Hasil (
Bahasa Indonesia) 1:
[Salinan]Disalin!
LingkunganPerkebunan gambir tampak hampir satu unit produksi yang sempurna. Lima pembudidaya secara konstan di tempat kerja, residu dari daun ini digunakan kembali sebagai pupuk untuk lada, dan gambir dan merica didukung satu sama lain ketika harga baik kebetulan rendah. Tapi proses satu kesalahan besar. Mendidih gambir mengkonsumsi sejumlah besar kayu. Panas tidak begitu kuat bahwa kebakaran hanya dapat didekati dengan kaki lima.Hasilnya adalah bahwa, sedangkan semak bisa menghasilkan daun selama dua puluh tahun, perkebunan sudah sepi setelah sekitar dua belas tahun, karena semua pohon di sekitarnya telah memotong dan terbakar. Sengketa perbatasan muncul antara perkebunan tentang hak untuk pohon-pohon.Perkebunan sering dipindahkan ke tanah yang baru untuk mencari saham baru dari kayu api.

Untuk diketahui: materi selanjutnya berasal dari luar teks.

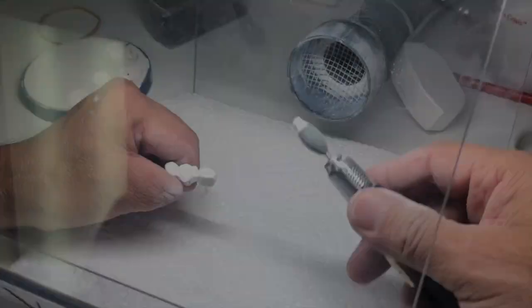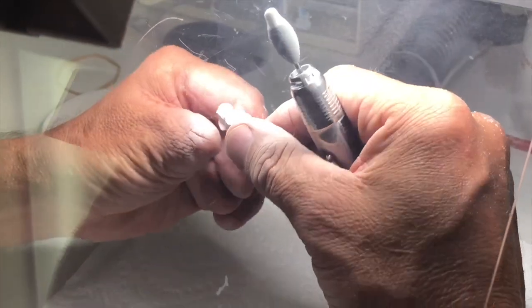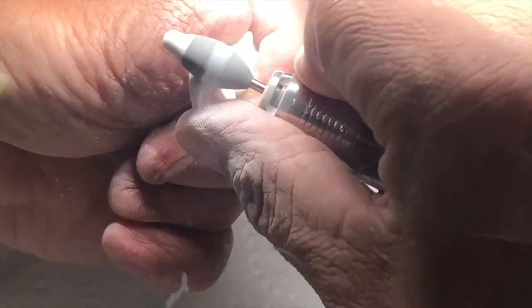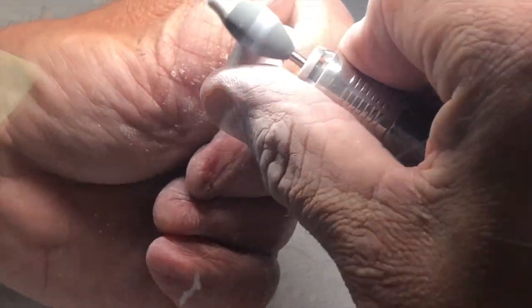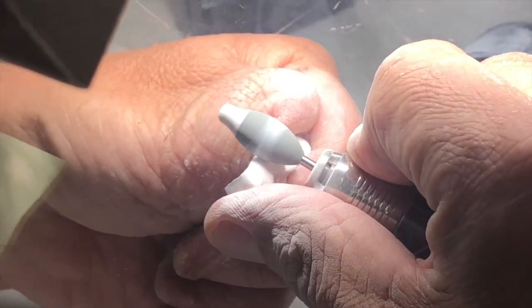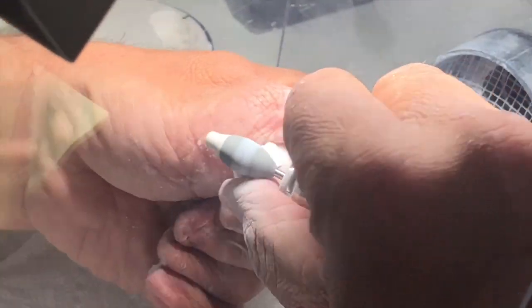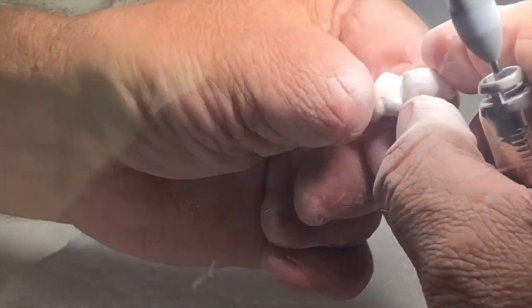Then I'll take my GS contouring stone — my green stone — and I will go all around the actual walls of the restoration. I stay clear of my contact area, but I can get down close to the margins. I can also use that white tip to do the occlusal surface, and they also come with other tips that you can use for the occlusion.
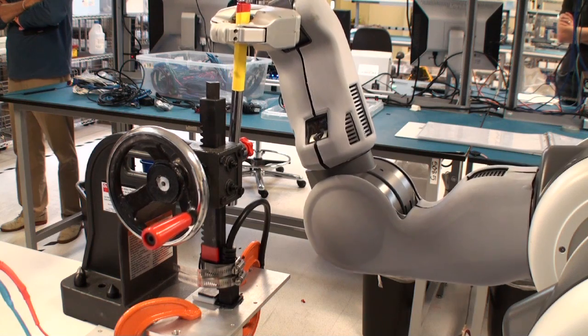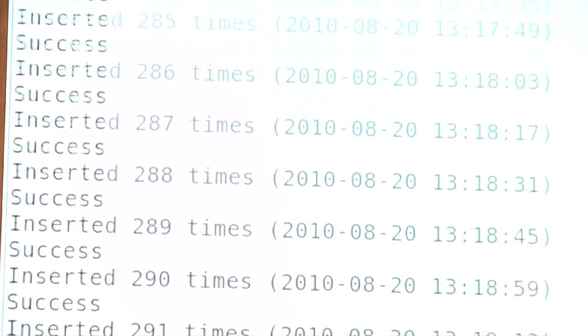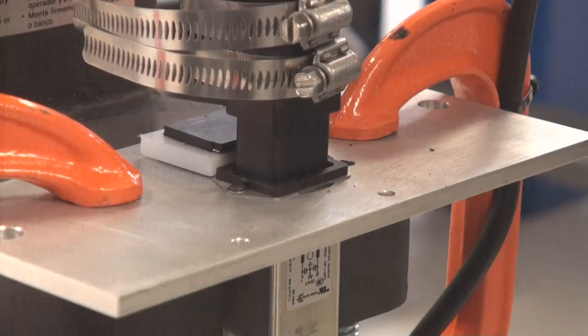We programmed it and gave it a simple mechanical setup to repeat this cycle thousands of times, keep track of it, count it, and evaluate the results.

Oleh pencarian ini, budidaya gambir menyebar dari pusat-pusat tertua seluruh wilayah, seperti noda tinta. Dari Singapura kota budidaya pertama tersebar di Pulau Singapura dan kemudian diperluas ke Johor, mengikuti pesisir. Dari Tanjung Pinang dan Bintan budidaya melompat dari satu pulau Riau yang lain. Produksi turun di daerah remaja mana kayu telah dikonsumsi, dan kadang-kadang ukuran populasi menurun juga.Dampak keseluruhan adalah penggundulan hutan yang parah. Sebelum regenerasi alami dapat berlangsung, hutan sekunder lagi digunakan untuk perkebunan. Proses dipercepat oleh meningkatnya permintaan Gambir, ketika potensi industri tanneries, pabrik-pabrik pewarna dan tempat pembuatan bir menjadi lebih dikenal di Eropa. Hasil akhirnya adalah mungkin tidak hanya deforestasi, tetapi juga meningkatkan erosi, yang mengurangi kesuburan tanah. Pada awal abad kedua puluh, semak hanya bisa menghasilkan daun selama lima tahun.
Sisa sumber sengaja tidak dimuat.